Así como Medea, Clitemnestra también se ha casado con un traidor y paga un precio por
ello. La vida de su hija y una casta maldita que terminará por matarla.

En el caso de Orestes, al igual que Electra y Antígona, se trata de “héroes” trágicos que se
definen a sí mismos en relación a las desgracias que arrastran. En el caso de los hermanos
es evidente: su reencuentro se da junto a la tumba del padre muerto, idealizado como héroe
de guerra y líder del pueblo aqueo. Es aquello que Saavedra denomina como “principio de
alteridad”, es decir, el reconocimiento del individuo en base al otro (233), una base
fundamental en el pensamiento griego. Orestes se construye a sí mismo frente a su madre
como la serpiente profética de sueños que mamará de su pecho y terminará por matarla,
como el vengador de su padre. De ahí que una vez cumplida la venganza aparezcan las
Euménides. La justicia lo está buscando, pero también la culpa, ahora que no tiene a
Clitemnestra al frente para probar su deseo de venganza, el matricidio pesa sobre sus
hombros.

Así, la marginación en lo privado de las mujeres aparece como un castigo con cierta
funcionalidad en las situaciones de violencia. La tragedia griega retrata mujeres que no
dudarán en dejar caer sangre cuando de sus mundos privados se trata. La familia y el hogar
se defienden. La guerra es para los hombres. Es, por supuesto, un estigma injusto, pero a
cambio estas protagonistas están dotadas de un nivel de violencia, venganza y valentía que
se extingue con la Edad Media.
Bibliografía

Butler, Judith. El grito de Antígona. 2001. Barcelona. Edit. Roure.

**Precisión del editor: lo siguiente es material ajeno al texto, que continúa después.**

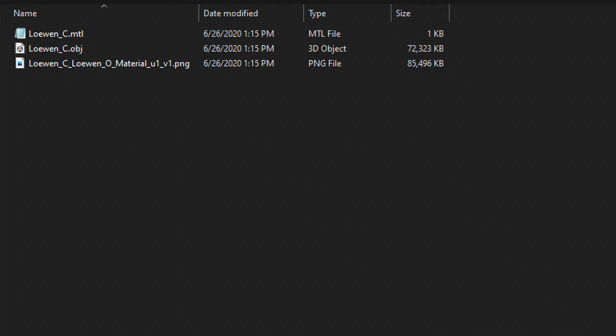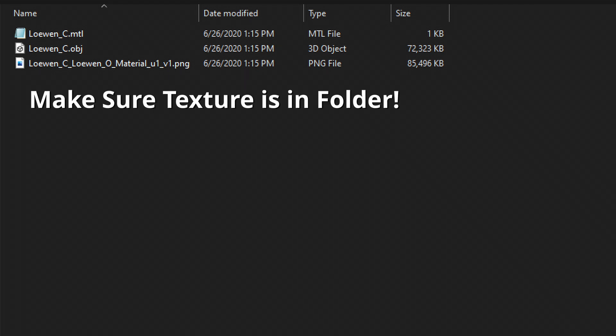Inside the folder, you'll find a few files. There'll be a .obj, a .mtl, and one or more texture files.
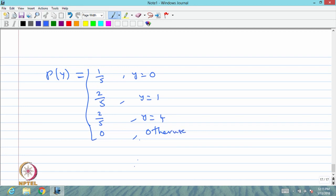From a discrete type random variable X, Y = X² gives again a discrete type random variable with mass at points 0, 1, and 4. The sum of all probability masses is 1. The CDF is 0 until 0; at 0 it jumps to 1/5; at 1 it becomes 3/5; at 4 onwards it becomes 1. So this CDF has 3 jumps, confirming Y is discrete with PMF values 1/5, 2/5, 2/5 at those points, 0 otherwise.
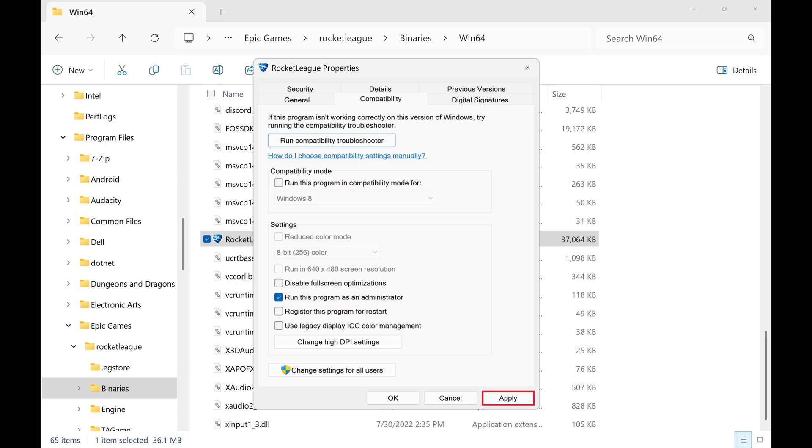Now, whenever you launch this game in Epic Games, you'll run it as an Administrator.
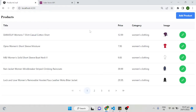Hi all, welcome to another video of the Angular PrimeNG tutorial. This is the last video of the product CRUD series. In the previous three videos I covered product listing, add product, and edit product, reusing the same component for add and edit. In this video we will explain how we can delete a product using the Fake Store API.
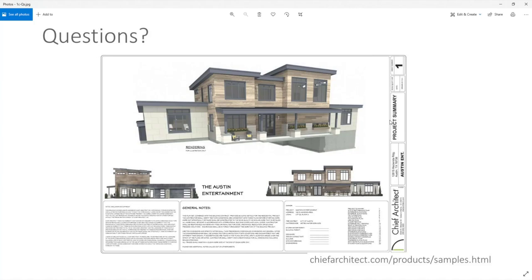Charles from Hawaii asks: the tray ceiling acts like a polyline box where you can break it, but soffits are not breakable. When two soffits are joined together, there's always a connecting line at the intersection. What's the best way to get rid of that line, or is there a way to break a soffit like a polyline?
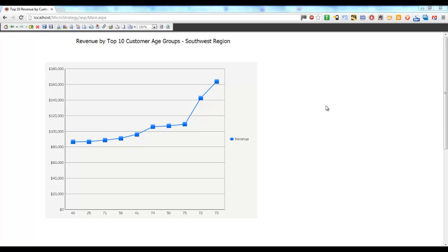You can also display a prompt value in a grid report by following a slightly different approach. For this purpose, I have created a document which displays revenue by top 10 customer age groups at a region level.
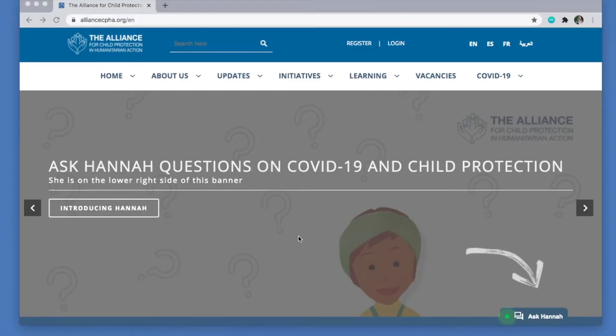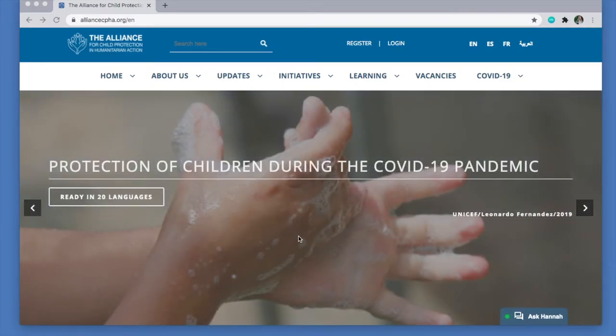Do you have questions concerning child protection and COVID-19? You can ask Hannah, the Alliance Virtual Assistant, in three easy steps.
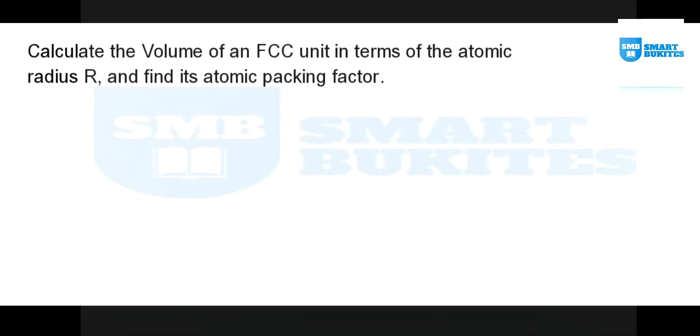Hello and good day everyone, welcome to another tutorial by Smart Bukites. In today's tutorial we are going to talk about the structure of crystalline solids.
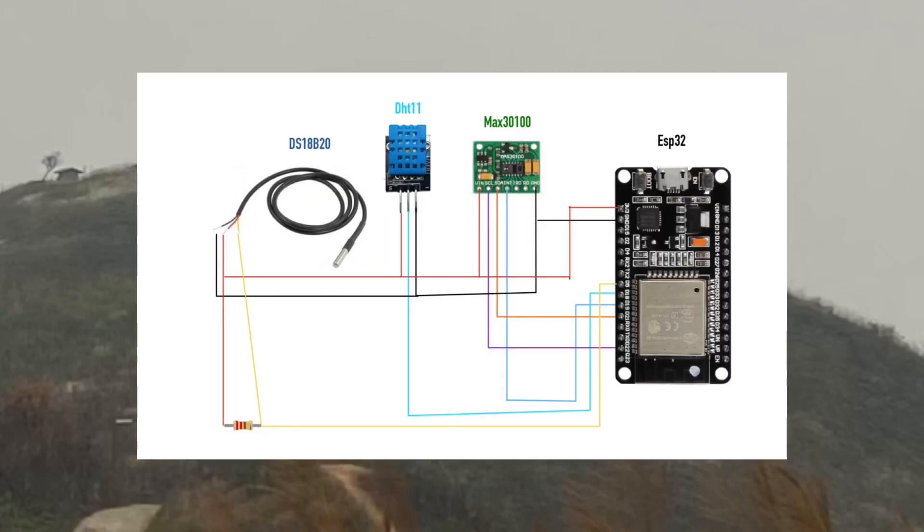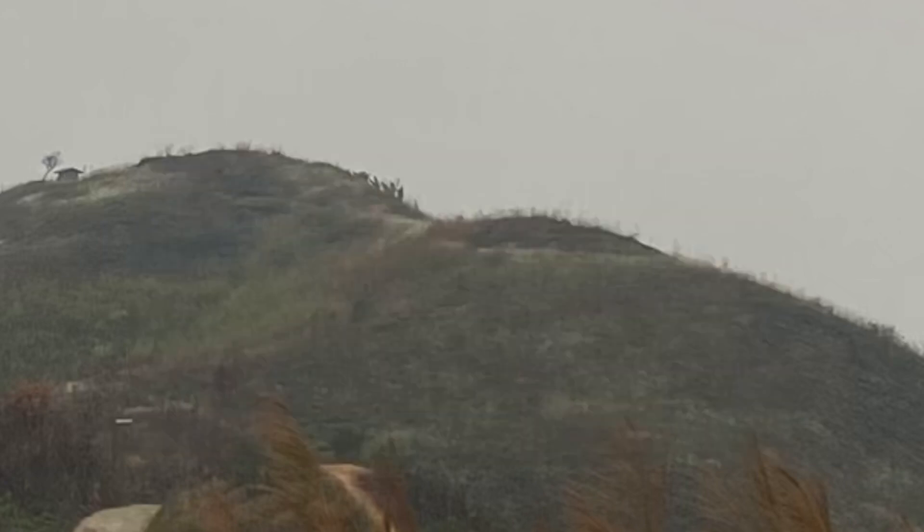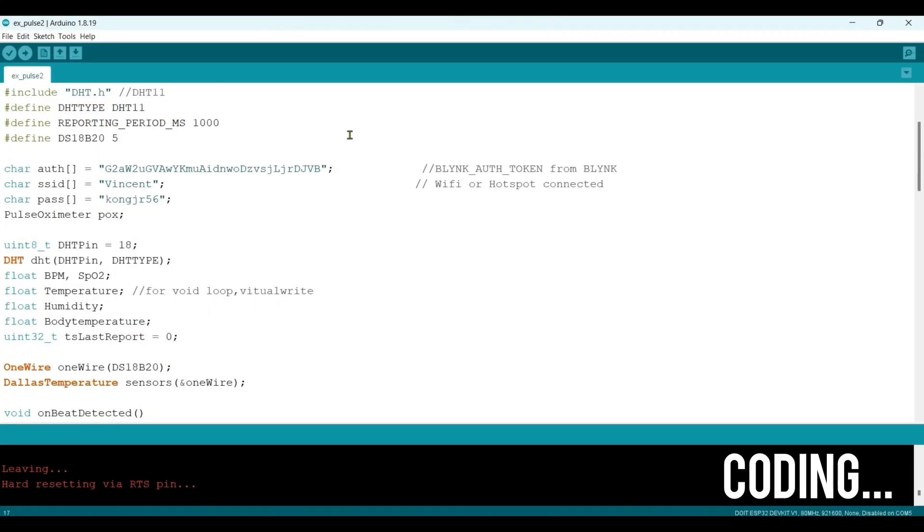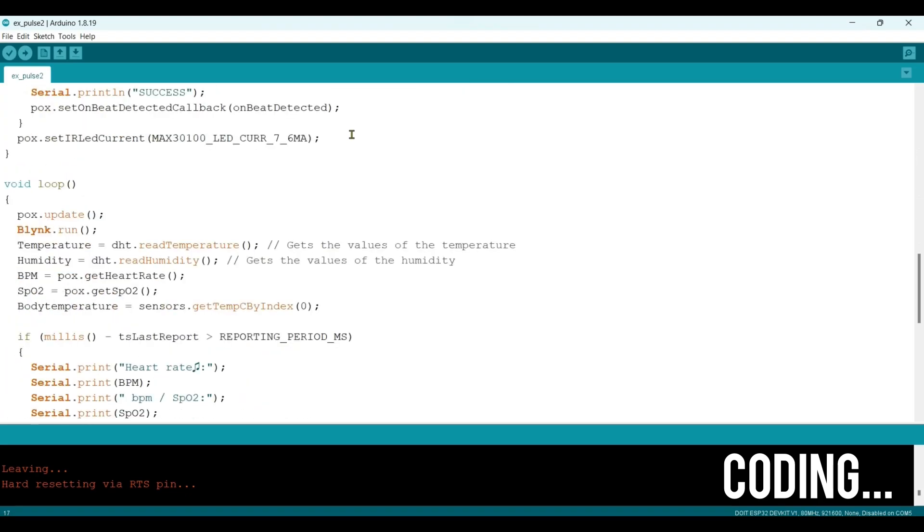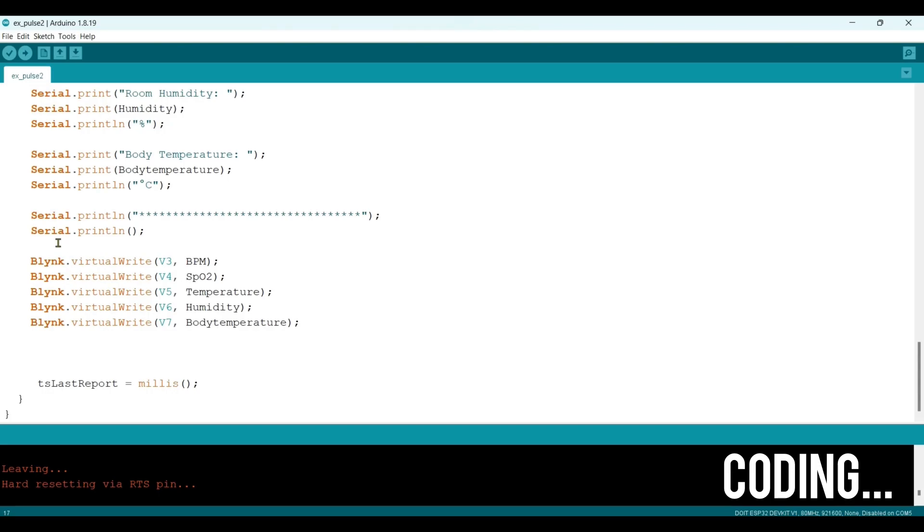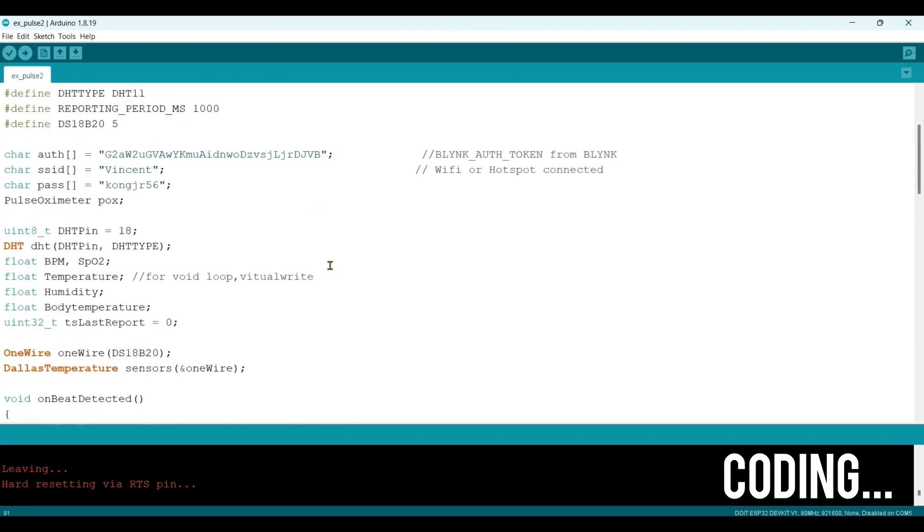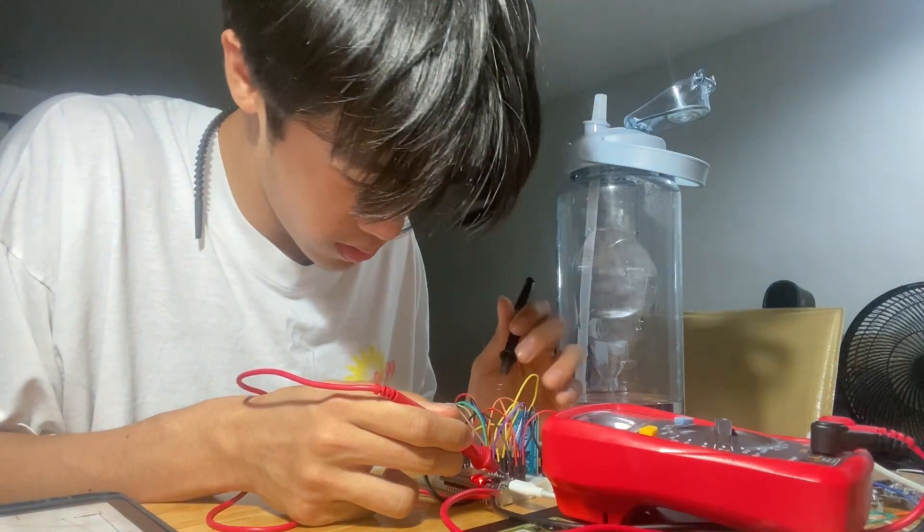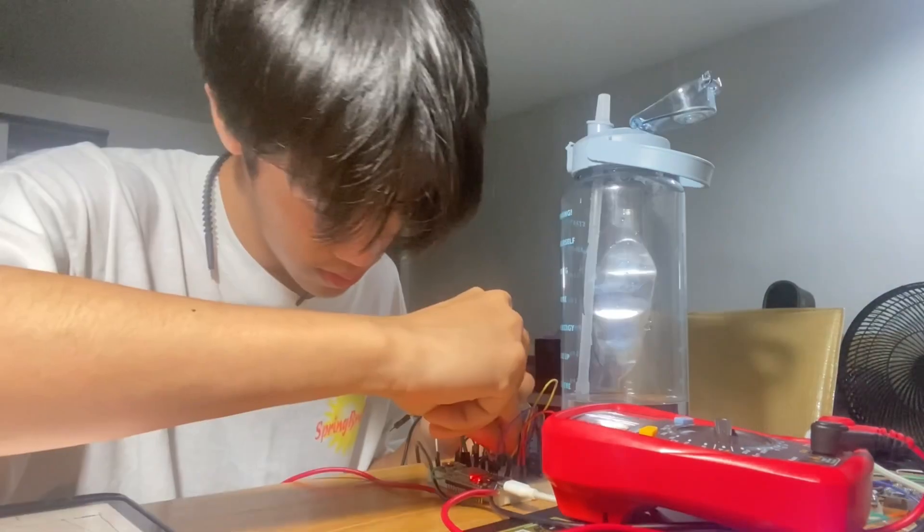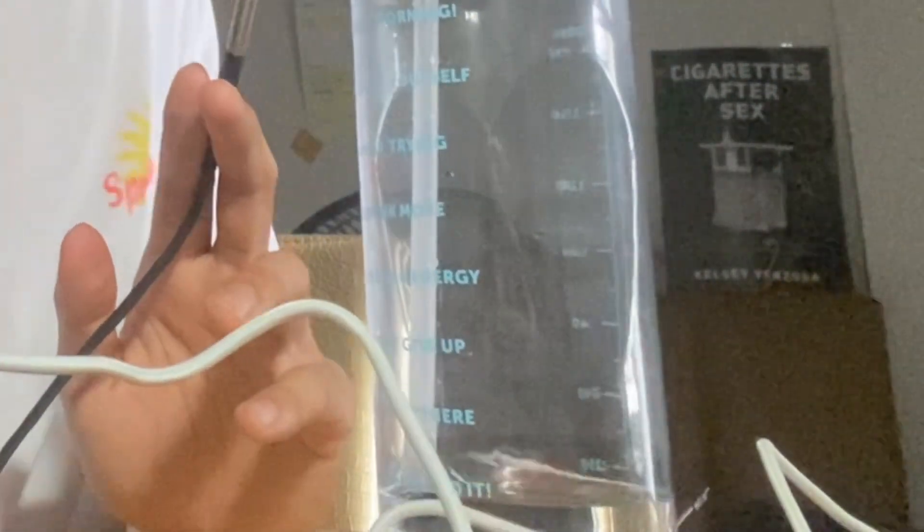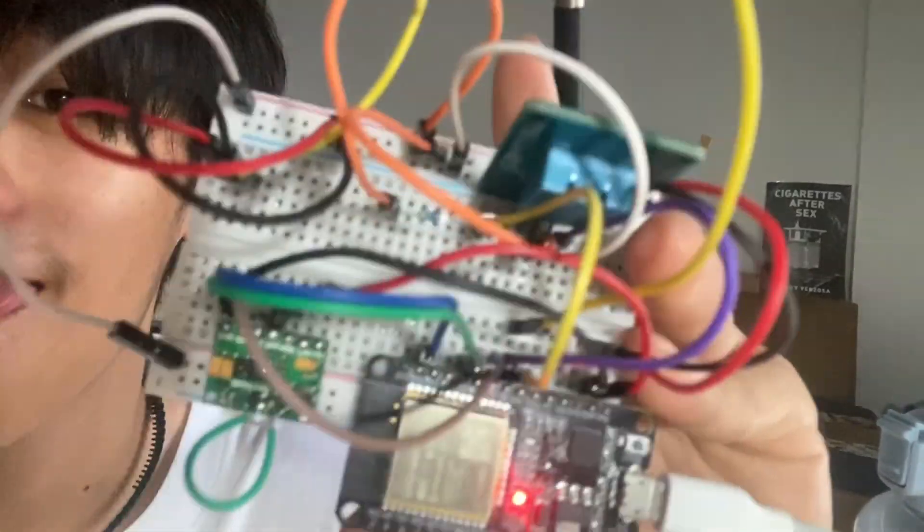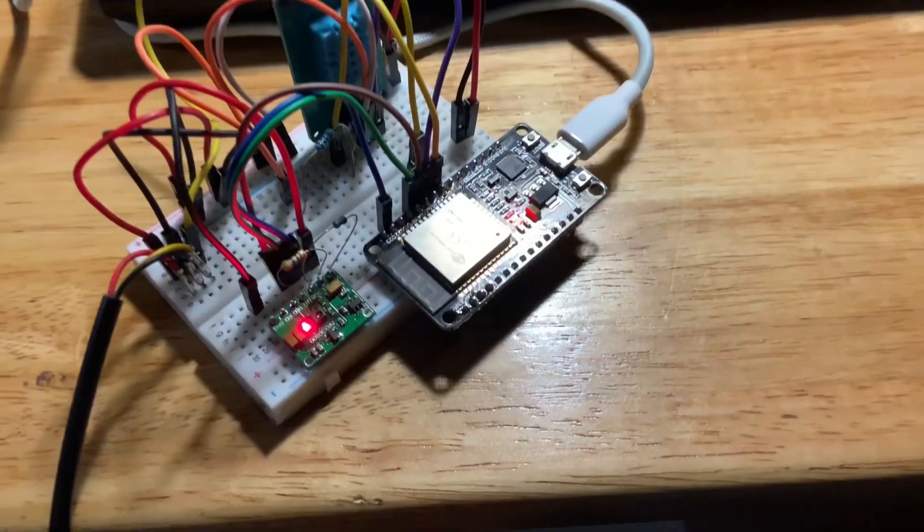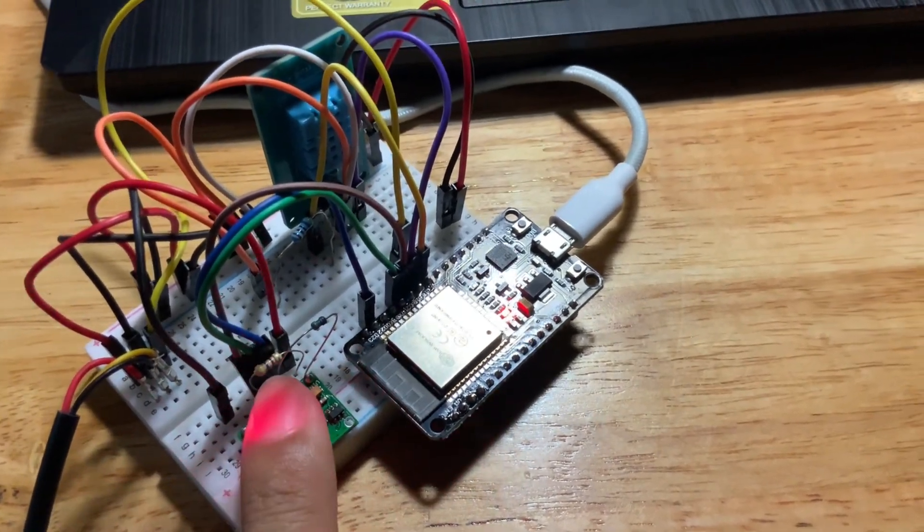The last one is ThingSpeak that combines with other components like the DS18B20 to show your body temperature and DHT11 to show the temperature around you.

Esquilo, La Orestíada. Ed. Edad. Madrid, 1989.

Eurípides, Medea. En: Tragedias. Ed. Gredos. Madrid, 1991.

Saavedra Mayorga. Juan Javier. Las ideas sobre el hombre en la Grecia antigua. Pdf.

Sófocles, Antígona. En: Obras Completas. Buenos Aires. Ed. El Ateneo, 1957.

______ Edipo Rey. En: Obras Completas. Buenos Aires. Ed. El Ateneo, 1957.

Zambrano, María. La tumba de Antígona.